Muito se especula também sobre a relação de enjoos com o sexo do bebê. Também não existe nenhuma comprovação direta, apenas estudos isolados que demonstraram um maior número de internações por hiperemese gravídica em mulheres que gestavam uma menina. Por exemplo, em um hospital na Suécia constatou-se que 55,7% destas mulheres tiveram uma menina, e em outro estudo foi demonstrado que mulheres com essa condição apresentaram uma taxa 50% maior no nascimento de meninas. Mesmo não sendo algo comprovado cientificamente, essa relação é associada a maiores níveis de estrógeno em mulheres que apresentam enjoos.
Como aliviar os sintomas?
– fazer repouso durante os episódios de enjoo
– evitar estímulos sensoriais que geram náusea, como odores fortes, umidade, calor, barulho e luzes piscantes
– fazer pequenas refeições a cada 1 ou 2 horas, para evitar que o estômago fique muito cheio ou muito vazio
– evitar ingerir cafeína e alimentos muito gordurosos ou condimentados, para não irritar o estômago
– não ingerir muito líquido durante as refeições, para não dilatar o estômago
– não tomar polivitamínicos que contenham ferro, pois aumentam os enjoos
– ingerir comidas leves e proteicas
– comer algumas bolachas de água e sal pela manhã, antes de sair da cama, já que os enjoos costumam ser piores pela manhã devido ao estômago vazio
– evitar períodos prolongados de jejum, que pioram os enjoos
– tomar líquidos gelados
– evitar alimentos ou bebidas quentes, especialmente por liberarem mais cheiro
– ingerir frutas ácidas
– chupar gelo ou limão
– cheirar uma fruta cítrica, especialmente limão
– incluir o gengibre na dieta
– evitar escovar os dentes logo cedo.
Além destas recomendações, acupuntura, técnicas de relaxamento, uso de vitamina B6 ou de cápsulas de gengibre e técnicas de aromaterapia com aromas cítricos, em especial gotas de óleo essencial de hortelã pimenta na gola da roupa ou no travesseiro parecem exercer efeitos benéficos. Caso os enjoos persistam e incomodem a rotina, é recomendável consultar o obstetra sobre opções medicamentosas que podem ajudar com as náuseas e vômitos.

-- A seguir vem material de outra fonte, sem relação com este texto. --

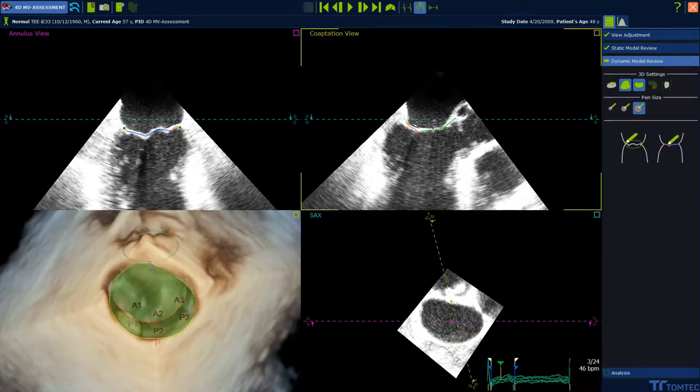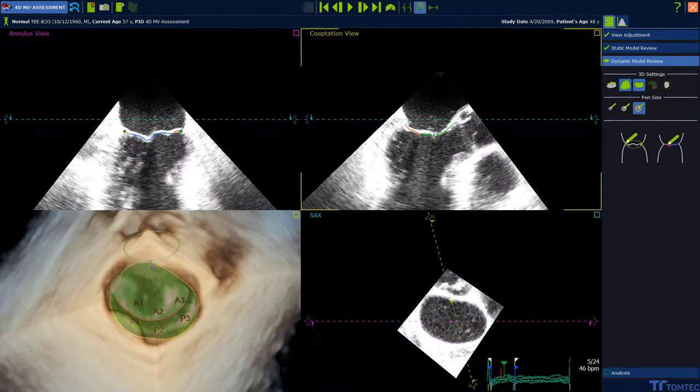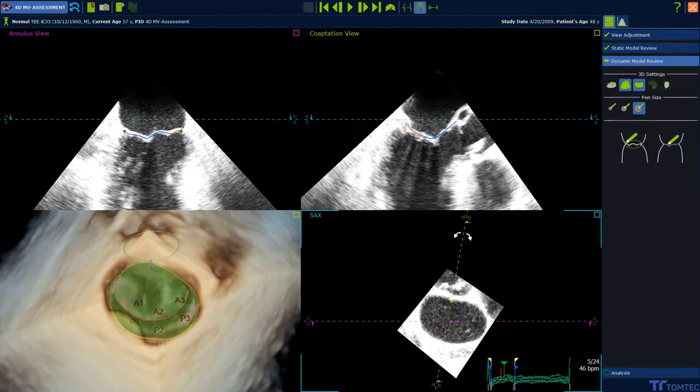Adjust the proposed contour of the leaflets in each frame by drag and drop if necessary. Use the next frame or previous frame button at the toolbar to continue to the next frame and make further adjustments.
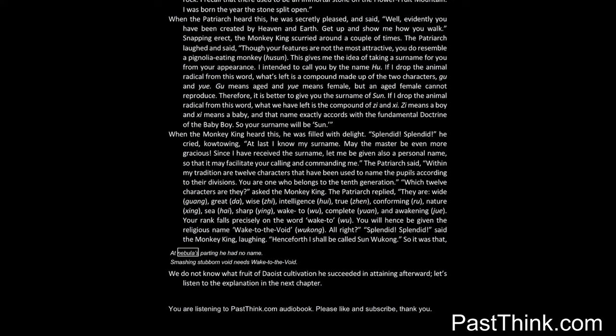So it was that at Nebula's parting he had no name. Smashing stubborn void needs wake to the void. We do not know what fruit of Daoist cultivation he succeeded in attaining afterward. Let's listen to the explanation in the next chapter.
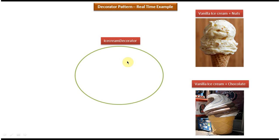As per the Decorator Design Pattern, the decorator's job is to add additional features to an existing object. In this case, the vanilla ice cream is the existing object, and the ice cream decorator added additional things like nuts or chocolate to it. This is the best example of the Decorator Design Pattern.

E você, tem mais alguma dica para ajudar a combater o enjoo?
Referências Bibliográficas
- Pregnancy sickness: a biopsychological perspective. Obstet Gynecol Surv. Cardwell MS (2012).
- Morning sickness: a mechanism for protecting the embryo. Q Rev Biol. Flaxman SM & Sherman PW (2000).
- ACOG Practice Bulletin No. 189 Summary: Nausea and Vomiting Of Pregnancy. Obstet Gynecol. (2018).
- Interventions for nausea and vomiting in early pregnancy. Cochrane Database Syst Rev. Matthews A, Haas DM, O’Mathúna DP, Dowswell T (2015).
- The sex ratio of pregnancies complicated by hospitalisation for hyperemesis gravidarum. BJOG. Schiff MA, Reed SD, Daling JR (2004).
- Sickness in pregnancy and sex of a child. Lancet. Askling J, Erlandsson G, Kaijser M, Akre O, Ekbom A. (1999).
- Orientações nutricionais: da gestação à primeira infância. Senado Federal (2015).